Revisé estos textos que aseguran que programar las mañanas de los niños durante el verano es innecesario y que evita que los niños encuentren lo que realmente les interesa.

“Tu papel como padre es preparar a tus hijos para encontrar su lugar en la sociedad. Ser un adulto quiere decir ocuparte de ti mismo y llenar tu tiempo libre de una manera que te haga feliz”, dice en uno de estos textos Lyn Fry, psicólogo infantil que trabaja en Londres enfocado a la educación. “Si los padres llenan todo el tiempo libre de los niños, entonces éstos nunca aprenderán cómo hacer esto por ellos mismos”.

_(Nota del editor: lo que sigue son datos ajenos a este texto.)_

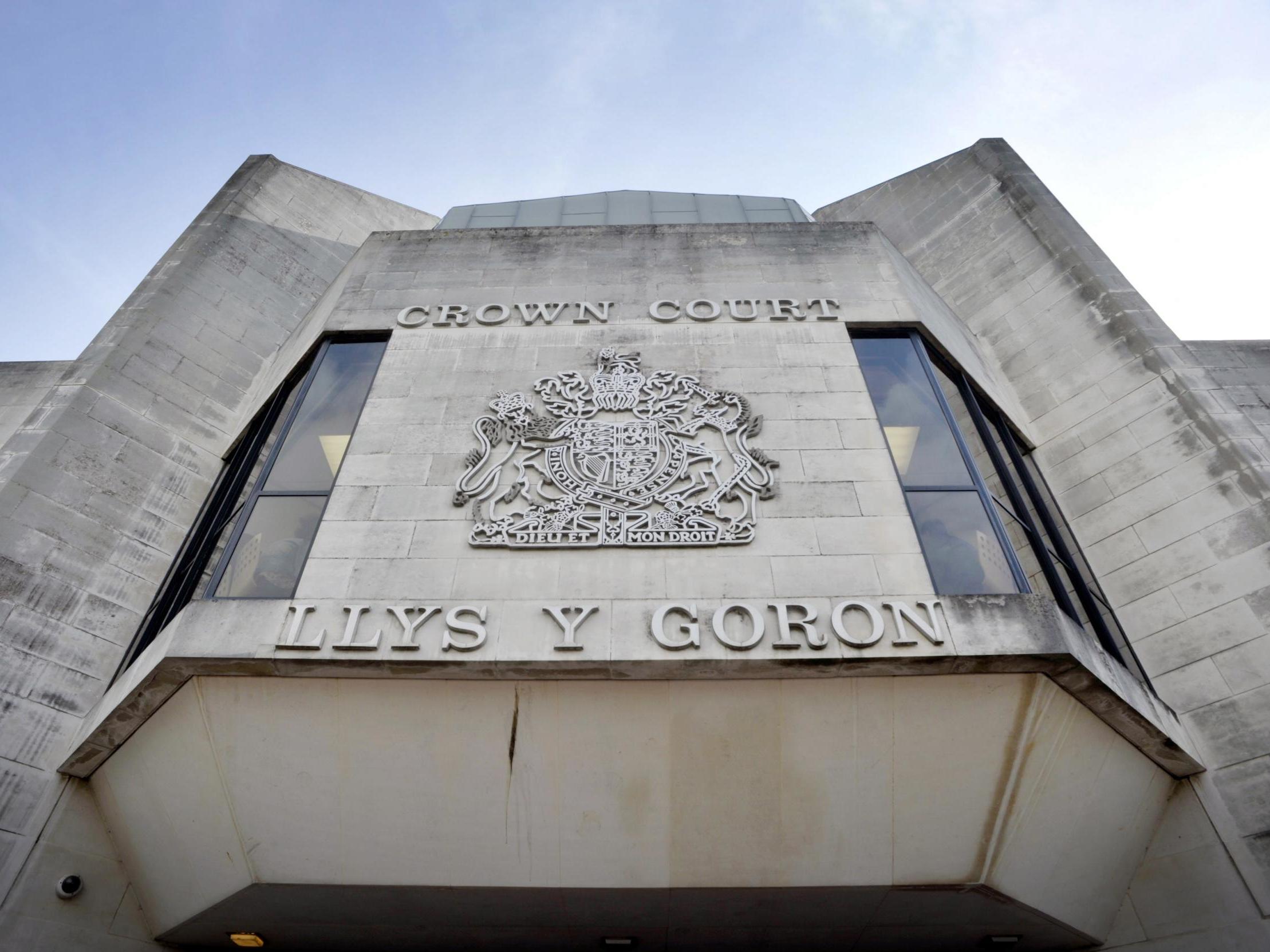 The hearing took place at Swansea Crown Court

También la Dra. Teresa Belton de la Universidad del Este de Anglia dijo a la BBC que el aburrimiento es crucial para desarrollar un estímulo interno que a su vez desarrolla la verdadera creatividad.

La recomendación es escribir una lista de actividades que los niños disfruten y puedan hacer solos para realizar durante las vacaciones.

Cuando digan que están aburridos, solo hay que recordarles que vean la lista y que elijan una actividad.Algunas de las sugerencias que más me gustaron fueron las siguientes:


- Dibujar lo que les inspire una canción

- Pintar un mural (forrando, o no, la pared de papel)

- Hacer un cómic

- Pintar piedras

- Montar una obra de teatro

- Hacer un fuerte de sábanas y cojines en la sala

- Practicar fotografía con una cámara vieja

- Hacer un pie de lodo en el jardín

- Hacer juguetes a partir de material de reciclaje

- Lavar el auto (lo peor que puede pasar es que se tengan que cambiar de ropa, pero también lo pueden hacer en traje de baño).

- Lavar los vidrios

- Pintarse la cara con maquillaje viejo

- Hacer collages con revistas viejas

- Tratar de encontrar varios peluches que hayas escondido dentro y fuera de la casa

- Hacer un experimento en la cocina

- Crear una cápsula del tiempo para enterrar en el jardín

- Competir en un concurso de ver quién puede encontrar el bicho más feo

- Decorar una camiseta vieja con plumas o plumones

- Hacer una boleta de calificaciones que califiquen en distintas áreas a... ¡los papás!

- Hacer un diario de cómo pasaron el día.


Sobra decir de que además de que me entusiasma cómo se divertirán mis niños, el ahorro será considerable. Es por eso que definitivamente pienso dejar que mis hijos se aburran este verano. Será uno que nunca olvidarán.